Radiographs revealed a very serious injury - Slash had a vertebral body fracture with compression of his spinal canal.  He would need surgery by a specialist the following day to repair the compression, and his recovery would take time.  Regardless of the cost and associated dedication to care, his family was committed to pushing forward.  No other injuries were present, and with this degree of dedication, Slash had a chance at a normal life.  Despite Slash's abnormal breathing pattern, there were no broken ribs to explain the pattern.  He was oxygenating normally at this time, and there was nothing we could do except for watch carefully for any changes.

After Slash recovered from his shock, his status improved for a few hours before they came crashing back down.  Around 3am, Slash began to have difficulty breathing and was placed on oxygen.  Recheck radiographs revealed a large amount of fluid in his lungs, and a very enlarged heart.  Despite lack of a heart murmur, Slash apparently had significant underlying heart disease, in addition to suspected bruising of his lungs from the trauma.  He continued to deteriorate quickly, even with discontinuation of intravenous fluids and addition of diuretics.  As he struggled to breathe, it became apparent that Slash was heading for disaster.

His family was contacted and wished to continue to provide every possible intervention for Slash.  Slash  was sedated in order to facilitate intubation and control his airway.  This intervention allowed sufficient oxygen to be delivered to his body's tissues (especially the brain and heart).   Fluid was dumped through his ET tube, and positive pressure ventilation was initiated.

Over the next 5 hours, we monitored Slash intensively.  Slash had a dedicated technician monitoring him, and we attempted to wean him from being intubated several times, before it became obvious this was not going to be possible at any near time frame.  Slash needed to be on a ventilator for 24-72 hours, or longer, to determine if he would ever again be able to ventilate his own body.  Our theory and the only logical cause is that ascending spinal cord inflammation, or the direct trauma and concussion of the spinal cord, resulted in paralysis of Slash's intercostal muscles and / or his diaphragm, which resulted in failure of the body's ability to effectively ventilate.  Like many neurologic injuries, there was/is no direct repair.  The only option was to support his body's vital signs, and wait to see if it would ever improve.   This time frame could literally be days, weeks, or never.
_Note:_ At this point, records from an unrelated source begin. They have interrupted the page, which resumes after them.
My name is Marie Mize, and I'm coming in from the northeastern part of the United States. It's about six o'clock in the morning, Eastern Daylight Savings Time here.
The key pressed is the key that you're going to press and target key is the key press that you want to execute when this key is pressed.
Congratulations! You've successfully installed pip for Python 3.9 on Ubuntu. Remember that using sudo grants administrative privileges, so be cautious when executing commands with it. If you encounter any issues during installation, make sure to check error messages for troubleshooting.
Unfortunately, his breathing pattern never improved.  Consultation with the surgeon confirmed my exam and knowledge, and we discussed the complexities of the case with the clients for hours, while they visited with their beloved Slash.
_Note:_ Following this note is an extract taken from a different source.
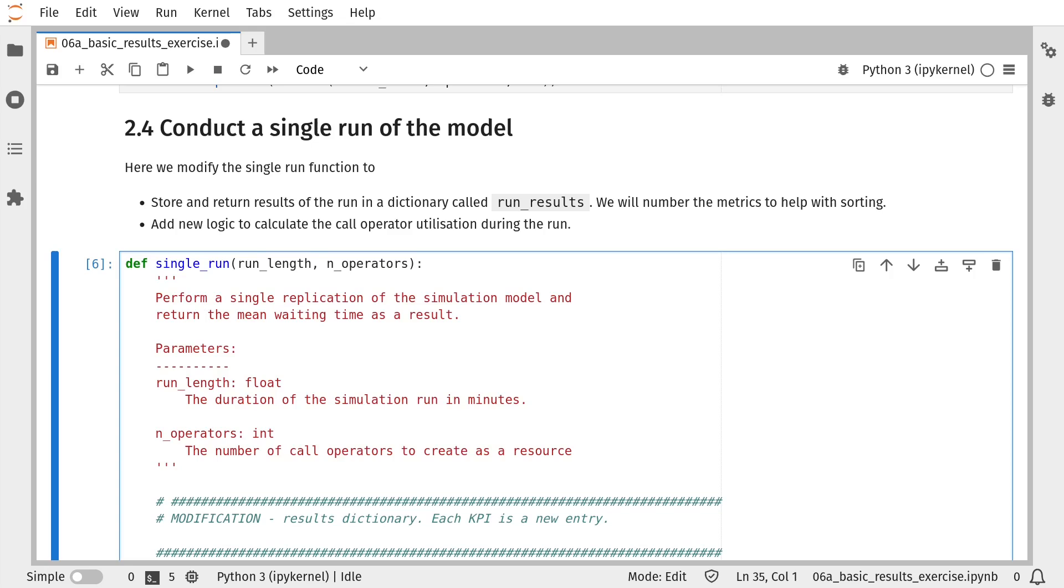So now that we'd like to generate multiple performance measures from our simulation model, it will be sensible to store those results within a dictionary object, because that will allow us to easily look up those values after the run is complete. We also need to add in some logic to actually calculate the proportion of time that call operators were busy during the run. And finally, we need to return all of those results to the calling code.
After lots of tears, much discussion, and careful consideration, the family made the difficult decision to euthanize Slash.  We were all crushed by the tragic outcome, but knew that the family had made the right decision.  Slash's chance for recovery was very small, and the cost and suffering associated with that small chance would have been astronomical.

Rest well, kitty.  You will be missed by many.